# NLP Exercise 3: Seq2Seq Model and Attention Mechanisms
---

In [1]:
import torch
import torch.nn as nn
import torch.optim as optim
import random
import numpy as np
import datasets
import tqdm
import spacy

  from .autonotebook import tqdm as notebook_tqdm


Load dataset using the 'datasets' library.

In [2]:
dataset = datasets.load_dataset('ncduy/mt-en-vi')

In [3]:
print(dataset)

DatasetDict({
    train: Dataset({
        features: ['en', 'vi', 'source'],
        num_rows: 2884451
    })
    validation: Dataset({
        features: ['en', 'vi', 'source'],
        num_rows: 11316
    })
    test: Dataset({
        features: ['en', 'vi', 'source'],
        num_rows: 11225
    })
})


In [4]:
train_data, val_data, test_data = (
    dataset["train"].remove_columns('source'),
    dataset["validation"].remove_columns('source'),
    dataset["test"].remove_columns('source')
)

print(train_data[0])

{'en': "- Sorry, that question's not on here.", 'vi': '- Xin lỗi, nhưng mà ở đây không có câu hỏi đấy.'}


In [5]:
en_nlp = spacy.load('en_core_web_sm')
vi_nlp = spacy.load('xx_ent_wiki_sm')

In [6]:
def tokenize(example, en_nlp, vi_nlp, max_length, lower, sos_token, eos_token):
    en_tokens = [token.text for token in en_nlp.tokenizer(example["en"])][:max_length]
    vi_tokens = [token.text for token in vi_nlp.tokenizer(example["vi"])][:max_length]
    if lower:
        en_tokens = [token.lower() for token in en_tokens]
        vi_tokens = [token.lower() for token in vi_tokens]
    en_tokens = [sos_token] + en_tokens + [eos_token]
    vi_tokens = [sos_token] + vi_tokens + [eos_token]
    return {"en_tokens": en_tokens, "vi_tokens": vi_tokens}

In [8]:
max_length = 1000
lower = True
sos_token = "<sos>"
eos_token = "<eos>"

fn_kwargs = {
    "en_nlp": en_nlp,
    "vi_nlp": vi_nlp,
    "max_length": max_length,
    "lower": lower,
    "sos_token": sos_token,
    "eos_token": eos_token,
}

train_data = train_data.map(tokenize, fn_kwargs=fn_kwargs)
valid_data = val_data.map(tokenize, fn_kwargs=fn_kwargs)
test_data = test_data.map(tokenize, fn_kwargs=fn_kwargs)

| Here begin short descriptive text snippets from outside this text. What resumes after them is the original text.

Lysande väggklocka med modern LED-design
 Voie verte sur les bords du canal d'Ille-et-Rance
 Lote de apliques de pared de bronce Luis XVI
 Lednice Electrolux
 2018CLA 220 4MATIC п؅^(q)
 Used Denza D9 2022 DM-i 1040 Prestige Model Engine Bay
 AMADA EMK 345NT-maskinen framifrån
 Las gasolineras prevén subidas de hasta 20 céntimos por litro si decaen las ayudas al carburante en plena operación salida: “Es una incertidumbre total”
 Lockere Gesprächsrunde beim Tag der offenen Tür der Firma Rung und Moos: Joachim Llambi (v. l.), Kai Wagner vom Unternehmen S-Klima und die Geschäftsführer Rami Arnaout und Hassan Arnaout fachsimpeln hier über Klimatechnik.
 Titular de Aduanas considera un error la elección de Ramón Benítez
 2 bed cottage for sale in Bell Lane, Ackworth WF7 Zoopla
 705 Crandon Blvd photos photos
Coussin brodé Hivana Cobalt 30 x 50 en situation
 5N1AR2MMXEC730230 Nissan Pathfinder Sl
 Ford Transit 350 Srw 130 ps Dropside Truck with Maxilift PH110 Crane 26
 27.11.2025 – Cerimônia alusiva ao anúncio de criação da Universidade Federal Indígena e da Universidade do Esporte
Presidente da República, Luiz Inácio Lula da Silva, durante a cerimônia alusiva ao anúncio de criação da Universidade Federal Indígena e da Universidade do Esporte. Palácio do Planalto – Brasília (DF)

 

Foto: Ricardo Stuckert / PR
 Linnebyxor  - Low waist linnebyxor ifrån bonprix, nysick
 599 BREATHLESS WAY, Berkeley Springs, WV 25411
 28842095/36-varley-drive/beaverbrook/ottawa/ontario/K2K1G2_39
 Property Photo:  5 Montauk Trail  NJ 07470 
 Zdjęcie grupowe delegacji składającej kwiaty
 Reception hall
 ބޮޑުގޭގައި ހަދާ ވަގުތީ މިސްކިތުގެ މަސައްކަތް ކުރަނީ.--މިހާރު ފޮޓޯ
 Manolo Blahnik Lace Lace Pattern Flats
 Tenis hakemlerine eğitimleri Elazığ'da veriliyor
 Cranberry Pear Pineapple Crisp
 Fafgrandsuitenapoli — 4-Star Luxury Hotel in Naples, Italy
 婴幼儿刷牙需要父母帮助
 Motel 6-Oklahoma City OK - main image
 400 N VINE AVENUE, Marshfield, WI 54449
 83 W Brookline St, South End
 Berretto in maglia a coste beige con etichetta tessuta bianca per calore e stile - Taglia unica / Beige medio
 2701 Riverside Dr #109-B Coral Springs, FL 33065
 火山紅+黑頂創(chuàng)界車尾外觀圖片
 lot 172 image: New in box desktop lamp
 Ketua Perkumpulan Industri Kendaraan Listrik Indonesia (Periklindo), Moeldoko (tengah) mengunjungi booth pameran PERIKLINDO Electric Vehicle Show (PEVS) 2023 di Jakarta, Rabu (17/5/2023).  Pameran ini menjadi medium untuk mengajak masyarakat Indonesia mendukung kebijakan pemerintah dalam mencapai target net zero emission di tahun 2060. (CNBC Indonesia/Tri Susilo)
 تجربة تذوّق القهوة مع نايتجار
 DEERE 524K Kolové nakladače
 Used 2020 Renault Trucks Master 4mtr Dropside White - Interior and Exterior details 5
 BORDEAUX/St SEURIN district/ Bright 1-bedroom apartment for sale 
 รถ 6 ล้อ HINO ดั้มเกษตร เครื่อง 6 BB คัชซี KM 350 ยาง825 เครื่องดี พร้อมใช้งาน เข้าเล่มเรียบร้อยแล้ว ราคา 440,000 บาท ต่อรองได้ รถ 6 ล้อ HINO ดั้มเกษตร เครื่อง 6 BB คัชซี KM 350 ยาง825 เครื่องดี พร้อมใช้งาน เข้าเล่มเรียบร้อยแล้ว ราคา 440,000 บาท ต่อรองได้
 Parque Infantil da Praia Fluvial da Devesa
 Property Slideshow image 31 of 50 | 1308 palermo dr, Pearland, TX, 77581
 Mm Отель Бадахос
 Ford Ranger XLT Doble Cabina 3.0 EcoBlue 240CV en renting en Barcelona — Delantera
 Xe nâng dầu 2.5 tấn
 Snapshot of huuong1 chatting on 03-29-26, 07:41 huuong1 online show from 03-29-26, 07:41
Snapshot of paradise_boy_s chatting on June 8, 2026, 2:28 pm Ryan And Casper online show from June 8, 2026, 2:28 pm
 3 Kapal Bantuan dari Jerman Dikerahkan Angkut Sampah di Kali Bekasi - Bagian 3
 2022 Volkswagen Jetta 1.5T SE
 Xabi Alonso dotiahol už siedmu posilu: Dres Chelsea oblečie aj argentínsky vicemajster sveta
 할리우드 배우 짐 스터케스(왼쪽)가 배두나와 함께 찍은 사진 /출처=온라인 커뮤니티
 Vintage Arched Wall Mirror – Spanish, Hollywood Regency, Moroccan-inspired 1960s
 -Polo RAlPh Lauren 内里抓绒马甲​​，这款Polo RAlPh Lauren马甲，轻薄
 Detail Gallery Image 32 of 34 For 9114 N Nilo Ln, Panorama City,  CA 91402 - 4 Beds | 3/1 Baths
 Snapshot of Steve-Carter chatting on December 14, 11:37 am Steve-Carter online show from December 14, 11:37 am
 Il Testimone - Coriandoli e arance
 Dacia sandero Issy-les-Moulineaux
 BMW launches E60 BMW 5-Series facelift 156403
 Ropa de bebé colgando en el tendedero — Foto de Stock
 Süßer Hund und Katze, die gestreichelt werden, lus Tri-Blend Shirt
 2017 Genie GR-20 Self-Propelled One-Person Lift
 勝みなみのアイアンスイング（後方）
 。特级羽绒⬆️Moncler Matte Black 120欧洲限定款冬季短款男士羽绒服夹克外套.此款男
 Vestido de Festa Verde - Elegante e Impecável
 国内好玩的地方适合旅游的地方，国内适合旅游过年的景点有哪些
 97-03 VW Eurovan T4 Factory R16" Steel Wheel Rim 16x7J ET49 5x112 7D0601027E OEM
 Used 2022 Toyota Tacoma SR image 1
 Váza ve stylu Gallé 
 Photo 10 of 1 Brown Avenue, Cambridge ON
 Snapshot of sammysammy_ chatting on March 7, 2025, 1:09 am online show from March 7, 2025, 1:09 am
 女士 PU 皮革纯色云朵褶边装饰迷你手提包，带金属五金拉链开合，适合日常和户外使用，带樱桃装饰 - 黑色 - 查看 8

Map: 100%|██████████| 2884451/2884451 [06:21<00:00, 7568.76 examples/s]
Map: 100%|██████████| 11316/11316 [00:01<00:00, 7288.69 examples/s]
Map: 100%|██████████| 11225/11225 [00:01<00:00, 7360.61 examples/s]


In [19]:
print(train_data[random.randint(0, 999)])

{'en': 'He put it on a personal basis.', 'vi': 'Ông đã dựa trên cơ sở bản thân để nói điều đó.', 'en_tokens': ['<sos>', 'he', 'put', 'it', 'on', 'a', 'personal', 'basis', '.', '<eos>'], 'vi_tokens': ['<sos>', 'ông', 'đã', 'dựa', 'trên', 'cơ', 'sở', 'bản', 'thân', 'để', 'nói', 'điều', 'đó', '.', '<eos>']}


In [22]:
from tokenizers import Tokenizer
from tokenizers.models import WordLevel
from tokenizers.pre_tokenizers import Whitespace
from tokenizers.trainers import WordLevelTrainer

In [23]:
# Initialize tokenizer
tokenizer = Tokenizer(WordLevel(unk_token="<unk>"))
tokenizer.pre_tokenizer = Whitespace()

# Trainer settings
trainer = WordLevelTrainer(special_tokens=["<unk>", "<pad>", "<sos>", "<eos>"], min_frequency=2)

# Train tokenizer on English tokens
tokenizer.train_from_iterator(train_data["en_tokens"], trainer)

# Get vocabulary
en_vocab = tokenizer.get_vocab()
vi_vocab = tokenizer.get_vocab()

## Define the Encoder and Decoder for Seq2Seq without Attention

# Encoder

- Encoder reads the input sequence and summerizes the information in something called internal state vectors or context vectors. This context vector aims to encapsulate the information for all input elements to help the decoder make accurate predictions.
- This implementation involves creating an RNN-based encoder.

In [24]:
class Encoder(nn.Module):
    def __init__(self, input_dim, embedding_dim, hidden_dim, n_layers, dropout):
        super().__init__()
        self.hidden_dim = hidden_dim
        self.n_layers = n_layers
        self.embedding = nn.Embedding(input_dim, embedding_dim)
        self.rnn = nn.LSTM(embedding_dim, hidden_dim, n_layers, dropout=dropout)
        self.dropout = nn.Dropout(dropout)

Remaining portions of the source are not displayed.